In many ways the evolution of the identity credential market is likely to mimic what transpired around the turn of the 21st century in the film photography market.
The decade started well enough for Eastman Kodak. In 2000 it clocked film revenues of $11 billion, had 70,000 employees and 14 factories around the world. Then things started going pear shaped. Come 2009, revenues from the sale of film had fallen to $1.3 billion, the workforce had dropped to 20,000 and the number of factories had gone down to one.
Though they had been innovators in the development of digital cameras, they simply refused to see the writing on the wall relative to the imminent digital revolution.
Kodak invented the first digital sensor but also failed to realize the potential of the digital imaging boom in the late 1990s. Kodak did not begin to market digital cameras until the market was fairly established.Kodak moved too slowly into digital photography because they were too heavily invested in chemicals, paper and film. They understood that digital photography would destroy those markets. But they couldn’t prevent this from happening so they should have charged ahead full speed. At least that way, they would have had healthy earnings from digital photography to offset their loss of business from analog film and processing chemicals.

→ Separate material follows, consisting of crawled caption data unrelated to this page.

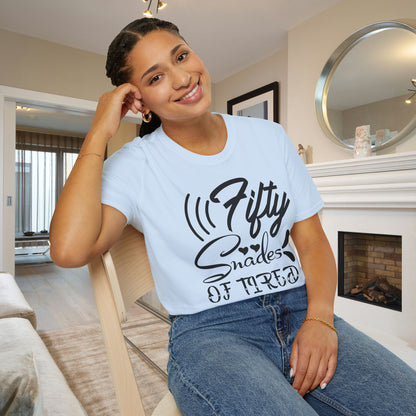 Fifty Shades Of Tired Adult T-shirt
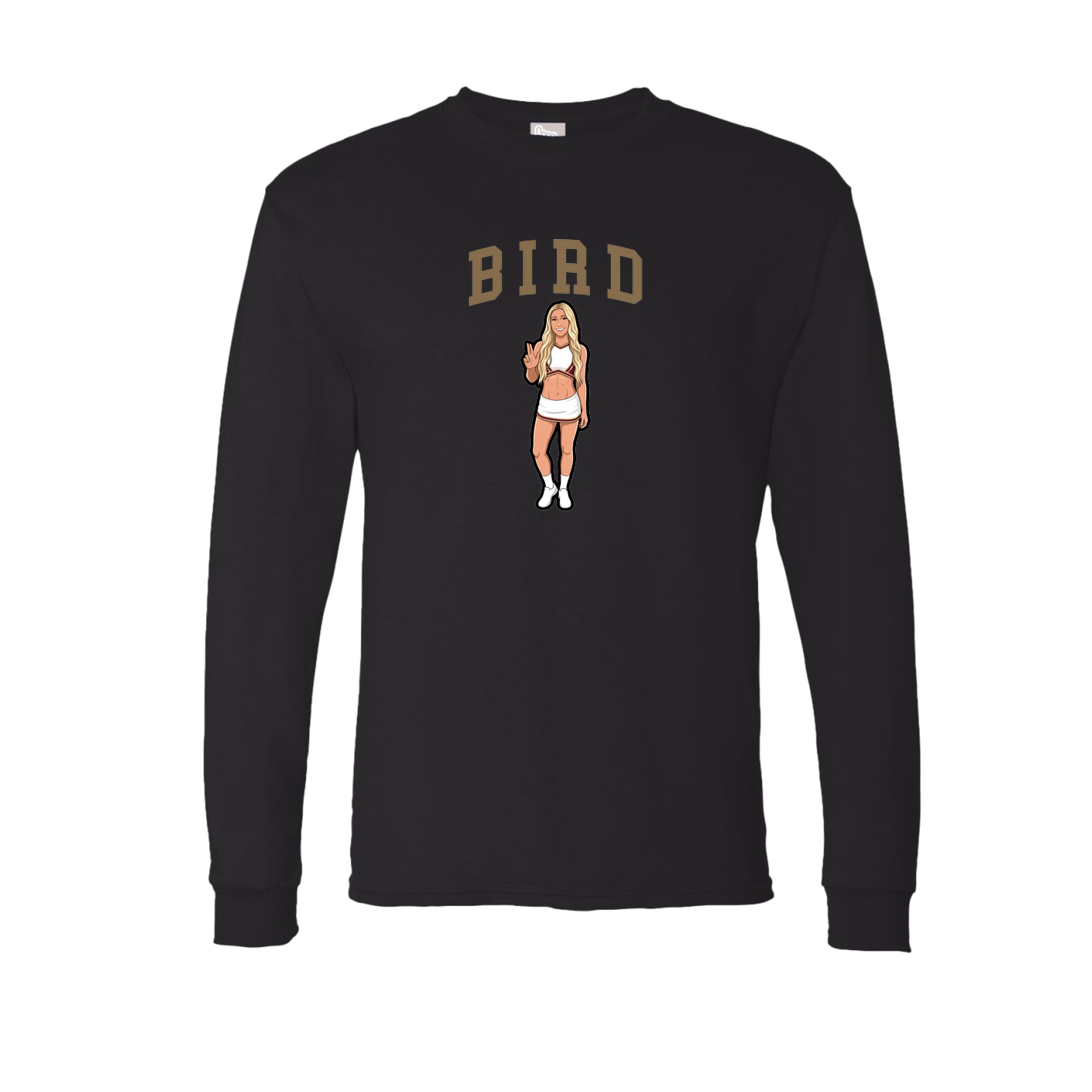 Long Sleeve Tee — Shirsey in Black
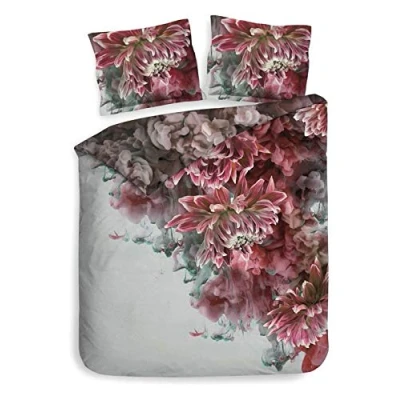 Afbeelding van Heckett &amp; Lane Sinata Dekbedovertrek Lits jumeaux 240x200/220 cm + 2 kussenslopen 60x70 Smokey Cerise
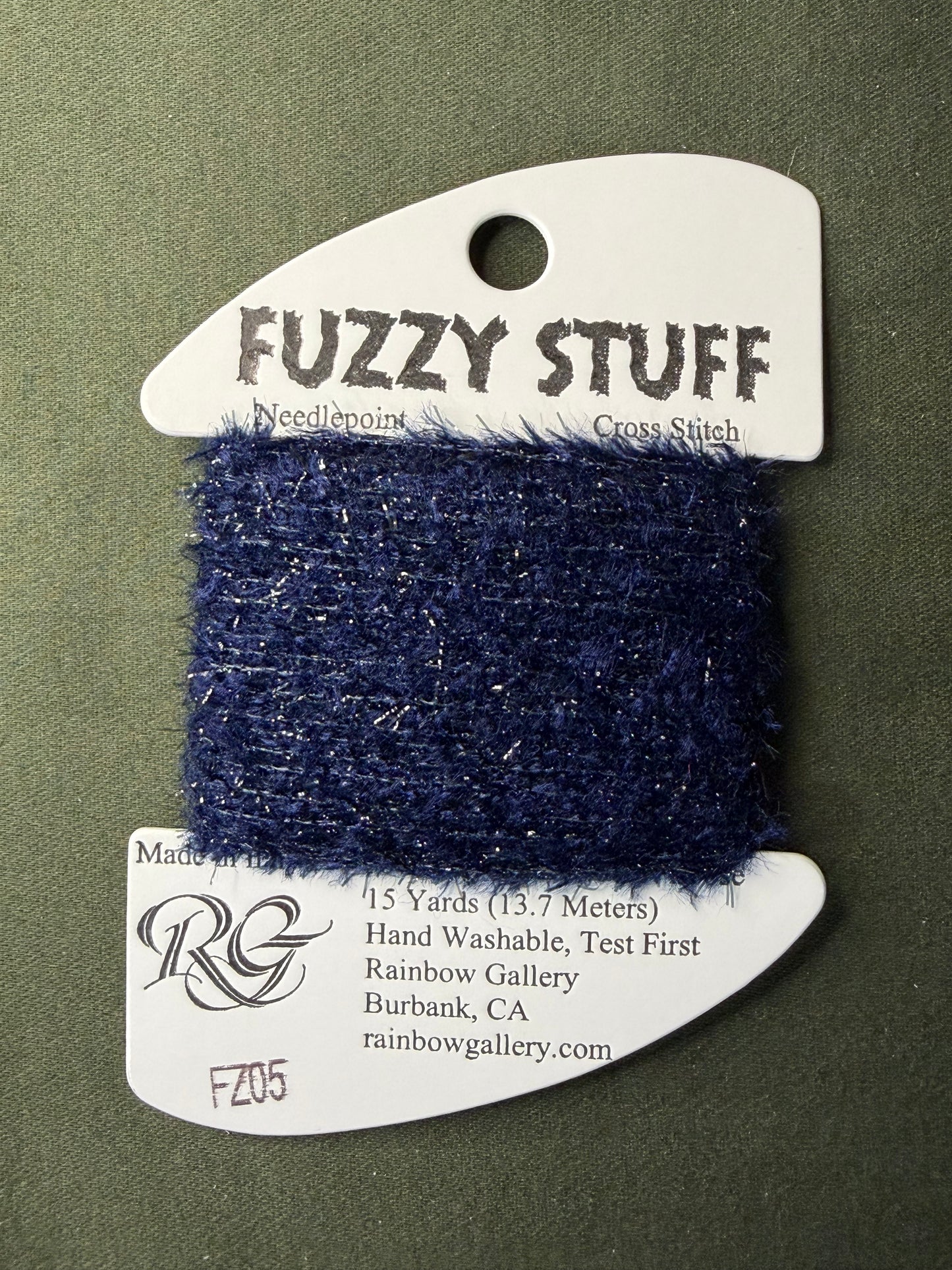 Fuzzy Stuff FZ05-Navy Blue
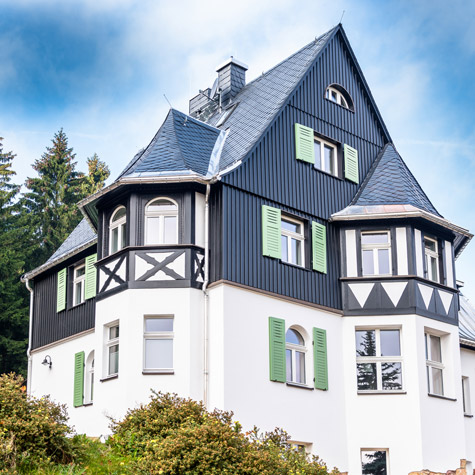 Ferienwohnungen Erzgebirge Oberbärenburg Haus Ahornallee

I wonder how many of today’s identity credential players, especially those firmly entrenched in the document security business providing increasingly more complex ways of make paper and plastic cards more secure – holograms, laser printing, foils, special ink, and UV images, etc – truly understand the lesson Kodak failed to; Your days are numbered, Find a new way to make money or suffer the fate of a legendary industrial giant that lost it’s way along with 90% of it’s revenue form one of its most lucrative revenue sources.